Chapuis Elisa, Benali Khadija, Silbermann-Hoffman Olivia, Berleur Marie, Ottaviani Sébastien, van Gysel Damien, Goulenok Tiphaine, Papo Thomas, Sacre Karim
From the Département de Médecine Interne.
Département de Médecine Nucléaire.
J Clin Rheumatol. 2022 Jun 1;28(4):201-205. doi: 10.1097/RHU.0000000000001833. Epub 2022 Mar 31.
BACKGROUND/ OBJECTIVE: Skeletal tuberculosis (TB) is rare. We aimed to report on diagnostic strategy and treatment of skeletal TB.
In this multidisciplinary single-center medical records review study, all adult patients admitted between January 2009 and December 2019 with microbiologically proven skeletal TB were included. Demographic, medical history, laboratory, imaging, pathologic findings, treatment, and follow-up data were extracted from medical records.
Among 184 patients identified with TB, 21 (16 women, 42 years [27, 48 years]) had skeletal involvement. Skeletal TB included spondylitis (n = 11), lytic bone lesions (n = 7), sacroiliitis (n = 5), arthritis (n = 3), osteitis (n = 2), and diffuse muscle abscesses without bone lesion (n = 1). Lytic lesions involved both axial and peripheral skeleton at multiple sites in most cases. 18F-fluorodeoxyglucose positron emission tomography was performed in 13 patients and helped to detect multifocal asymptomatic lesions and to target biopsy. All patients were treated with anti-TB therapy for 7 to 18 months. Fifteen patients (71.4%) received steroids as an adjunct therapy. Eleven patients needed an orthopedic immobilization corset, and 3 patients underwent surgery. All patients clinically improved under treatment, but 2 relapsed over a median follow-up of 24 months (12-30 months). No patient died or suffered long-term disabilities.

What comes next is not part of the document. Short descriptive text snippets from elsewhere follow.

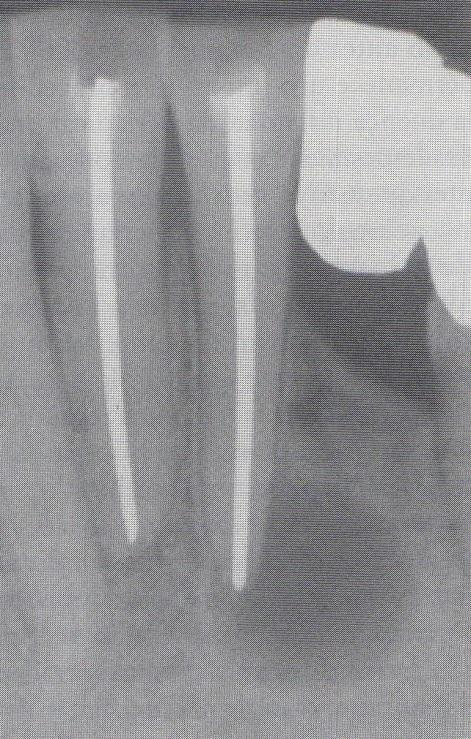 Características radiográficas Os achados radiográficos assemelham-se aos da periodontite apical crónica. 2 Observase a perda da lâmina dura e uma IR que circunda o ápice do dente.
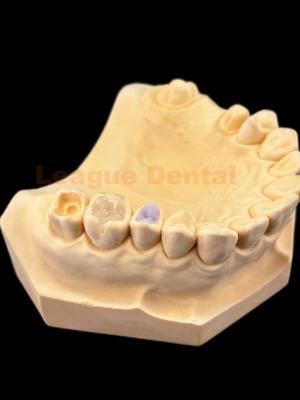 China Durable E.MAX Inlay And Onlay Lithium Disilicate Ceramic Restorations for sale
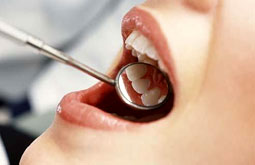 La calprotectina evidencia la periodontitis agresiva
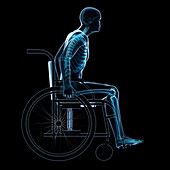 Man in a wheelchair,artwork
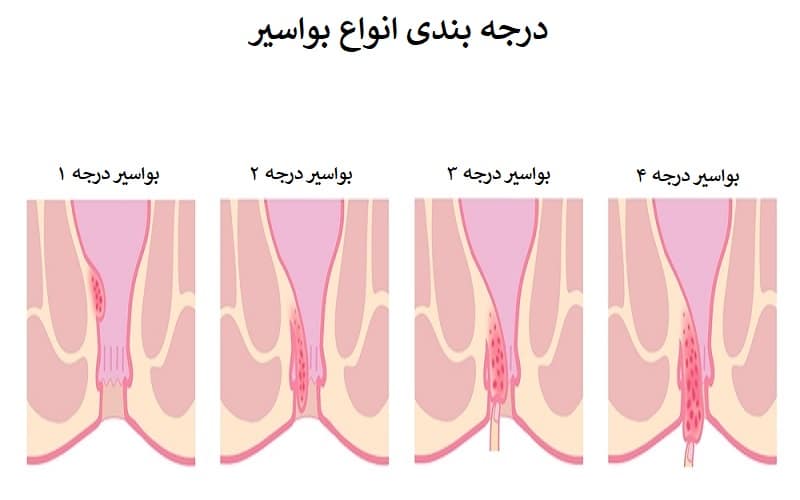 درجه بندی بواسیر
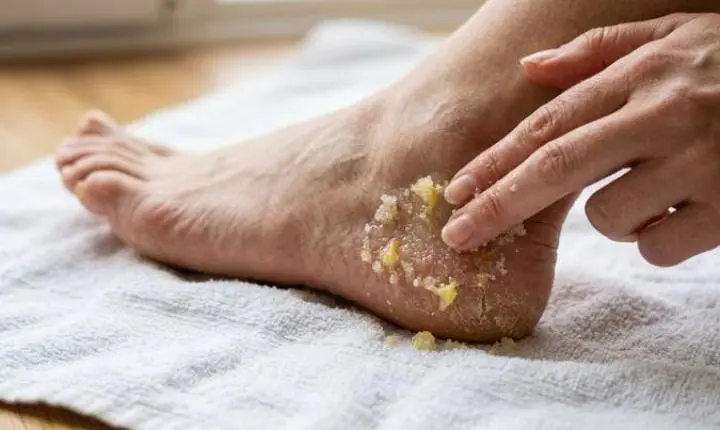 Receita caseira para os pés vira alvo de alerta; entenda os riscos do açúcar com limão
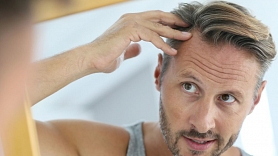 Plikpaurība vīriešiem: Kā samazināt matu izkrišanu?

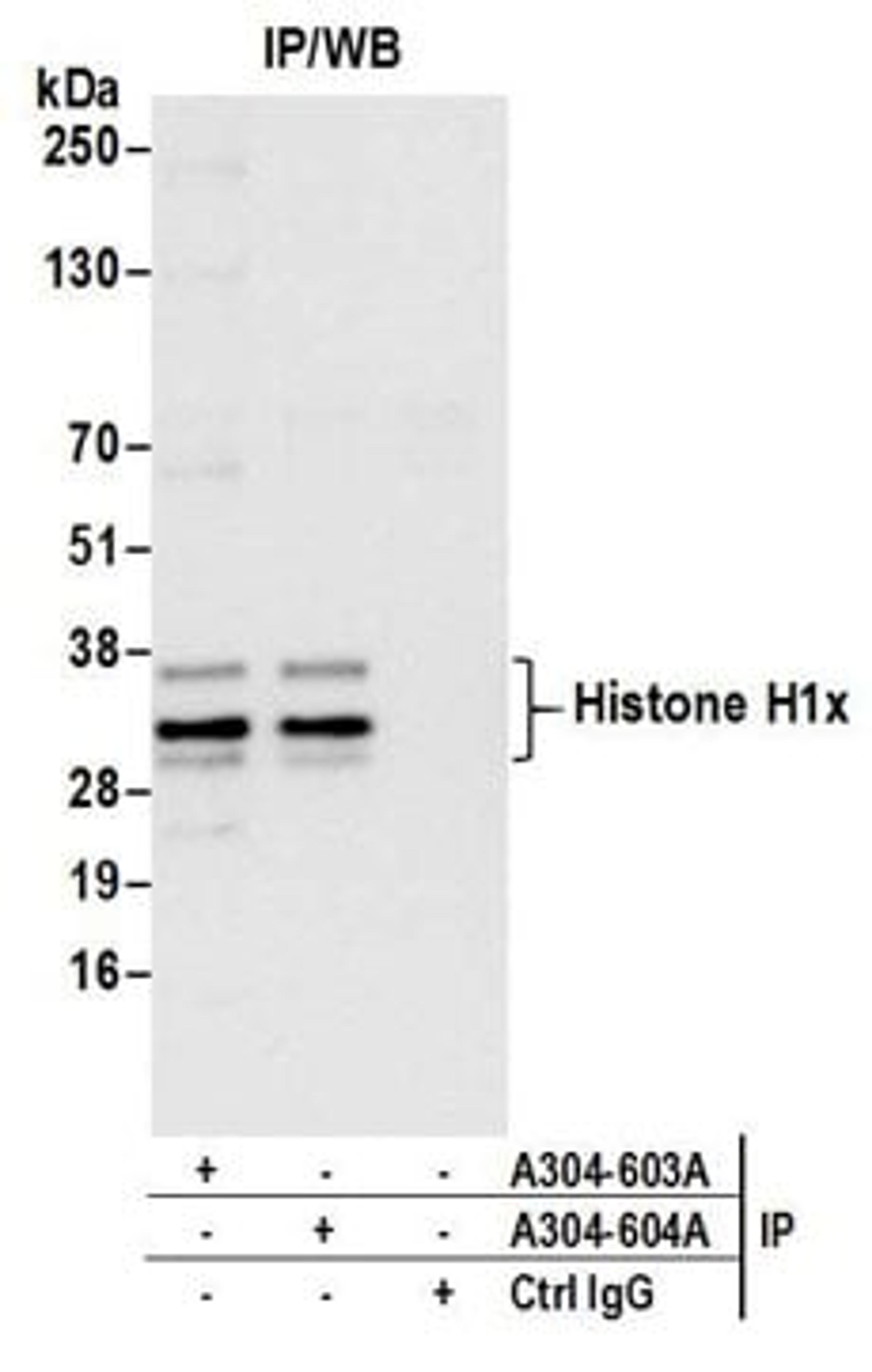 Detection of human Histone H1x by western blot of immunoprecipitates.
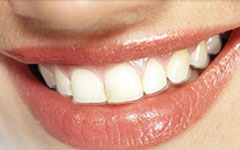 Invisalign System Invisalign System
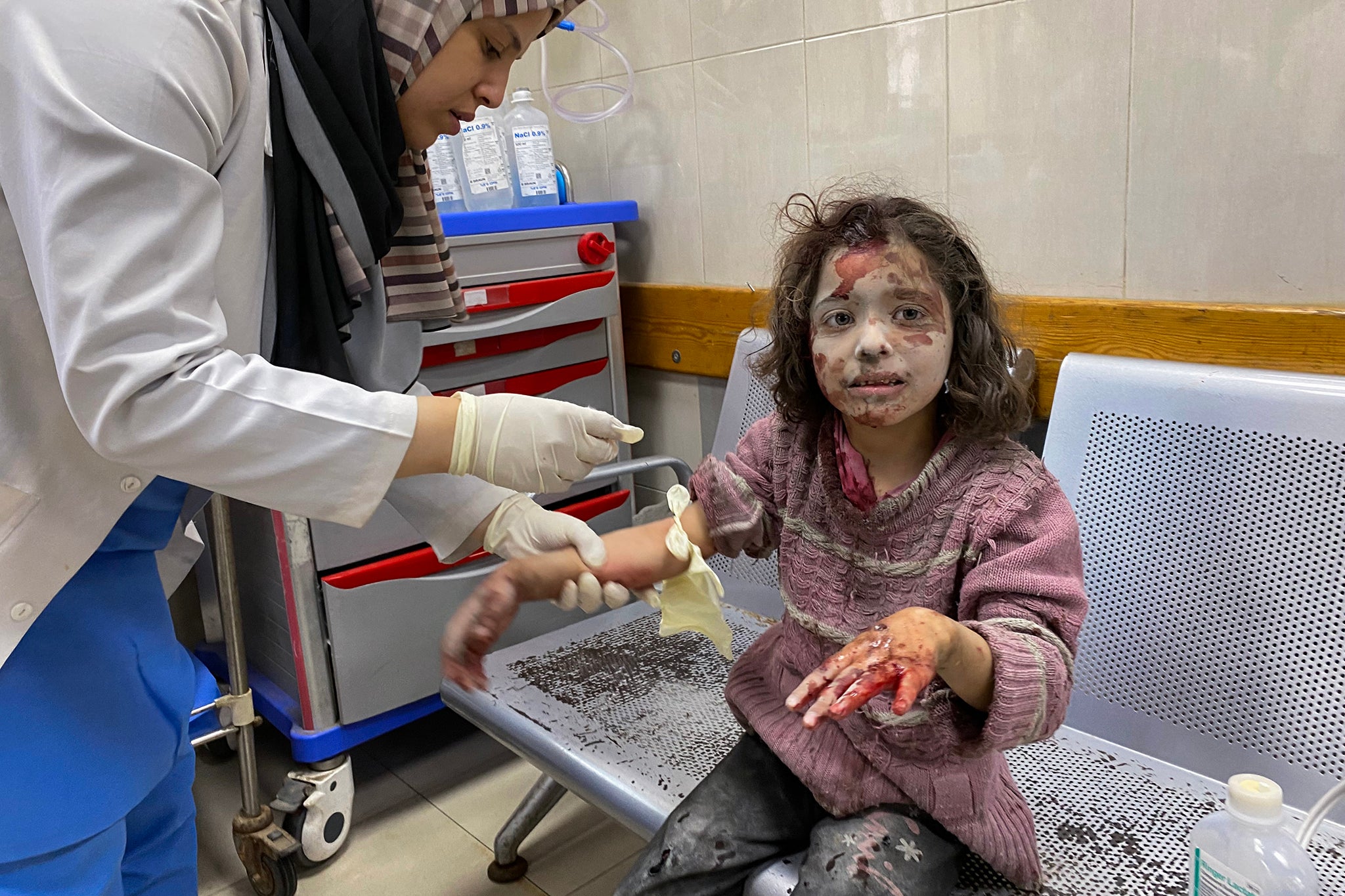 Palestinski liječnik brine djevojku koja je ozlijeđena u izraelskim štrajkovima na raseljavajućim šatorima u Khan Yunisu u lipnju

Our study emphasizes the diversity of skeletal involvement in TB. 18F-fluorodeoxyglucose positron emission tomography scanner at diagnosis is key to assess the extension of skeletal involvement and guide extraskeletal biopsy. Neurological complications might be prevented by adding corticosteroids to anti-TB therapy.

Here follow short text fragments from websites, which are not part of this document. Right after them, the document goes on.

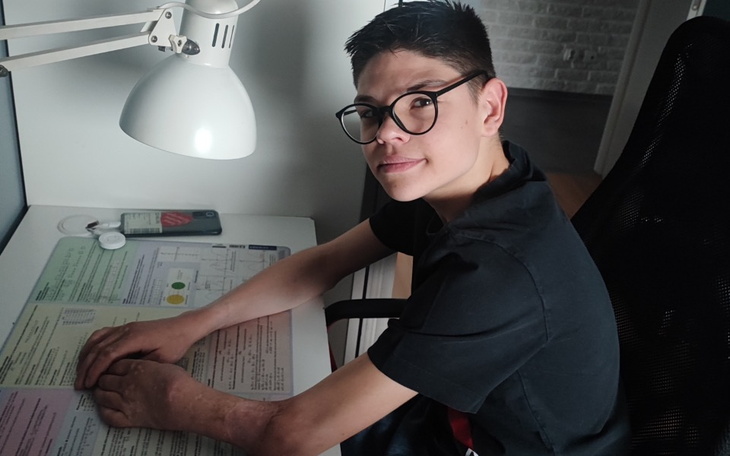 Zbiórka Wydłużenie ręki w 100 dni - zdjęcie główne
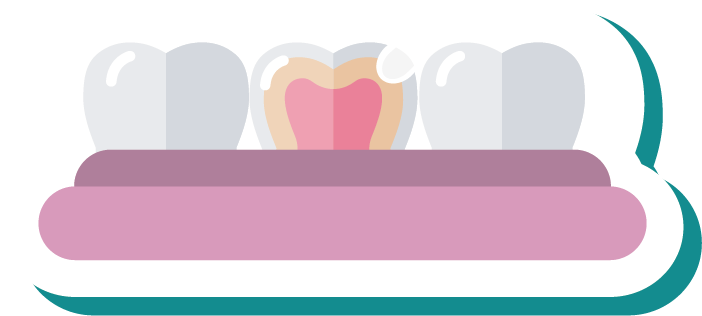 Fillings - Fillings (801x361)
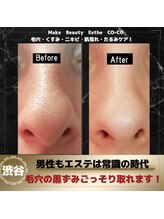 ココ センガ ビューティー クリニック(COCO SENGA Beauty-Clinic)/頑固な毛穴汚れもスッキリ！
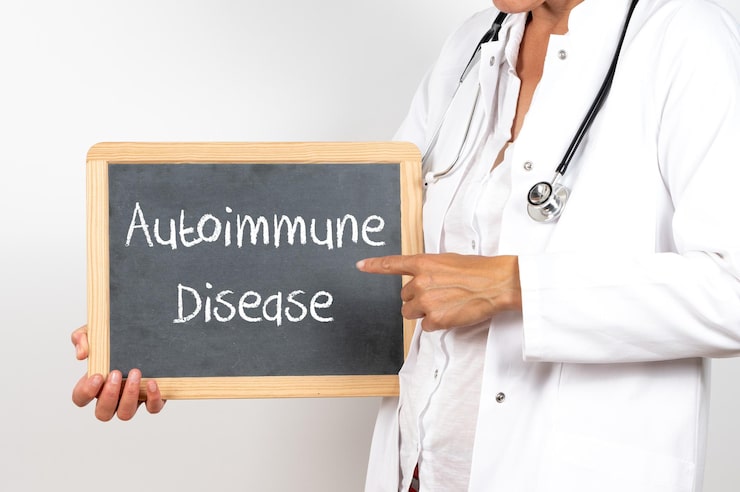 Doctor holding an autoimmune disease sign to explain common symptoms and diagnosis.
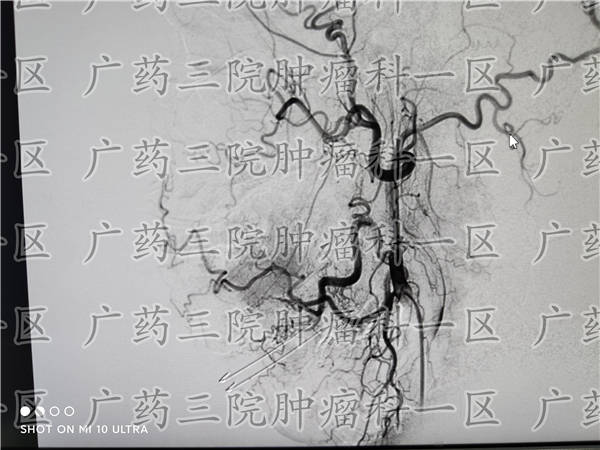 放疗一次多少钱<strong></p>
<p>黄金一钱多少钱</strong>？放疗需要多少钱可以完成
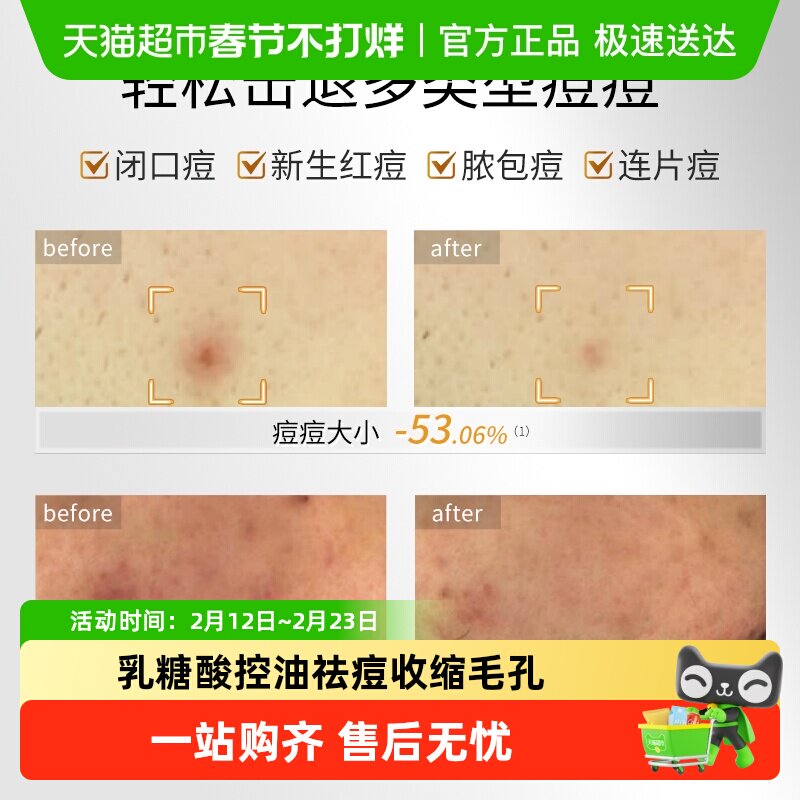 【品牌自营】敷尔佳乳糖酸控油面膜收缩毛孔祛痘补水保湿油痘肌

背景/目的:骨结核较为罕见。我们旨在报告骨结核的诊断策略及治疗方法。
在这项多学科单中心病历回顾研究中,纳入了2009年1月至2019年12月期间入院的所有经微生物学证实患有骨结核的成年患者。从病历中提取人口统计学、病史、实验室检查、影像学、病理检查结果、治疗及随访数据。
在确诊为结核病的184例患者中,21例(16例女性,年龄42岁[27, 48岁])有骨骼受累。骨结核包括脊柱炎(n = 11)、溶骨性骨病变(n = 7)、骶髂关节炎(n = 5)、关节炎(n = 3)、骨炎(n = 2)以及无骨病变的弥漫性肌肉脓肿(n = 1)。大多数情况下,溶骨性病变累及中轴骨和外周骨的多个部位。13例患者接受了18F-氟脱氧葡萄糖正电子发射断层扫描,有助于检测多灶性无症状病变并指导活检。所有患者均接受了7至18个月的抗结核治疗。15例患者(71.4%)接受了类固醇作为辅助治疗。11例患者需要佩戴矫形固定束腰,3例患者接受了手术。所有患者在治疗过程中临床症状均有改善,但在中位随访24个月(12 - 30个月)期间,有2例复发。无患者死亡或出现长期残疾。
我们的研究强调了骨结核骨骼受累情况的多样性。诊断时使用18F-氟脱氧葡萄糖正电子发射断层扫描仪对于评估骨骼受累范围及指导骨骼外活检至关重要。在抗结核治疗中加用皮质类固醇可能预防神经并发症。